Local Govt has a crucial role in all this.
Local government has a role in leading development that works for the whole community.
But central government must also give a lead to local and regional communities about our most urgent national
priorities, such as energy generation.
Many councils are now involved in writing economic development into your long term council community plans.
I would like to congratulate those Councils playing a strong role.
Many others are working hard through initiatives such as the Mayor’s Taskforce for Jobs.
Everyone has a role in developing our economy.
Partnership between government and communities and industry is crucial.
An economic performance just one per cent better than it was for each of the last thirty years would now have provided
this Coalition Government with:
- A fully employed economy;
- $4.5 billion a year in extra investment in the health system;
- $3.5 billion in education;
- 100% more funding for our road and transport systems; and
- Savings of up to $2 billion a year in unemployment benefits.
- (Just like you heard Paul Keating say this morning that Australia has achieved.)
You have been entrusted with power to provide leadership in your communities.
The government will work constructively and co-operatively at your side.
I said earlier that we have a magnificent opportunity to seize the day.
New Zealand needs to accept our most challenging goal: to push our country up into the first rank of nations, and take
every New Zealander with us as we travel there.
I have stood many times with most of the local body leaders in this room.
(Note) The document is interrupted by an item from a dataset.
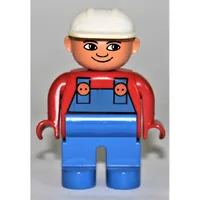 Duplo Figure, Early, Hard Hat White, Blue Legs, and Blue Overalls, Turned Down Nose Print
No time is more important than now.
The possibilities stretching before us offer hope for the future of New Zealand.
We are more than political leaders.
Our duty is to awaken every corner of New Zealand and focus it on where we can go and what we can achieve.
We have common and enduring values in New Zealand.
These are values that can steer us confidently into the future.
Martin Luther King Jr once told us:
'We are now faced with the fact that tomorrow is today.”
“We are confronted with the fierce urgency of now, in the unfolding of life and history.”
“There is such a thing as being too late.”
Delegates…it is not yet too late for New Zealand, but our time for a clear vision, and hard work to realise it, is now.